In recent years it has been shown that strongly coupled systems become analytically tractable in the regime of large quantum numbers, such as large spin or large charge. The effective theories that emerge in these two limits are Regge theory and superfluid theory, respectively. Here we make a proposal for a new phase, the giant vortex, describing an intermediate regime with large spin and charge. The new phase connects superfluid theory with the large-spin expansion. The giant vortex admits a semi-classical effective theory description with peculiar chiral excitations (moving at the speed of light) and a Fock space of states that is reminiscent of the multi-twist operators in Regge theory, including the leading and daughter Regge trajectories. A similar giant vortex phase appears for Bose-Einstein condensates in a rotating trap, and our results should be applicable in that context as well. We show that the transition from the giant vortex to the Regge regime is accompanied by the scaling dimension turning from being larger than to being smaller than the mean field theory value, i.e. gravity switches from being the weakest force at small AdS distance to being the strongest force at large AdS distance.

Automated summary

It has been found that strongly coupled systems become analytically tractable when the quantum numbers are large, such as large spin or large charge.
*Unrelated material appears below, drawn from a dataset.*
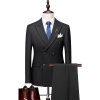 2025   Europe fashion business men suits good fabric free shipping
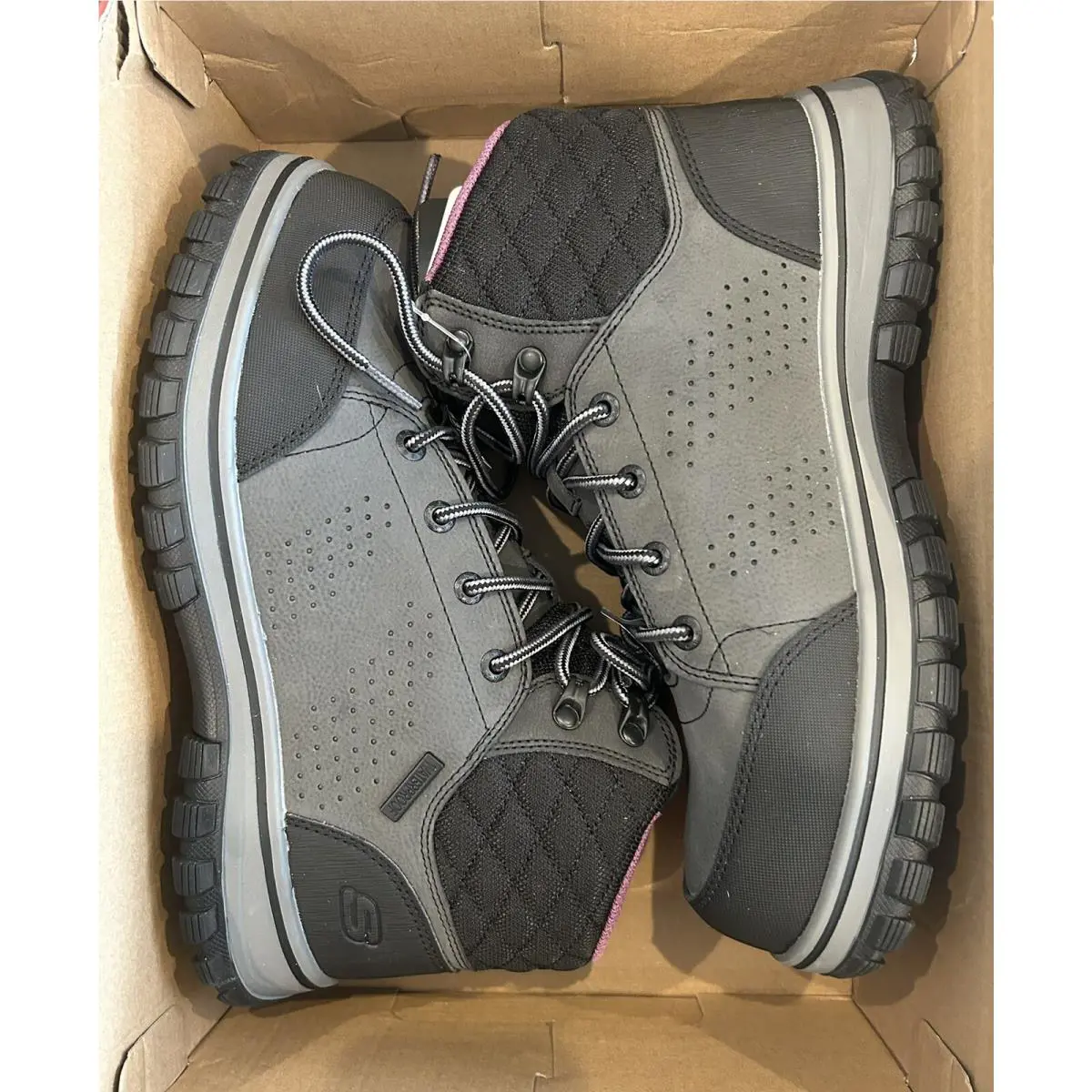 Skechers shoes - Skechers McColl Comp Toe - McColl Comp Toe - 108004-BLK - Gray/Black (UPC: 194428477985) 0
The effective theories in these limits are Regge theory and superfluid theory. This article proposes a new phase, called the giant vortex, which describes an intermediate regime with large spin and charge. The giant vortex connects superfluid theory with the large-spin expansion and has a semi-classical effective theory description with peculiar chiral excitations and a Fock space of states resembling the multi-twist operators in Regge theory.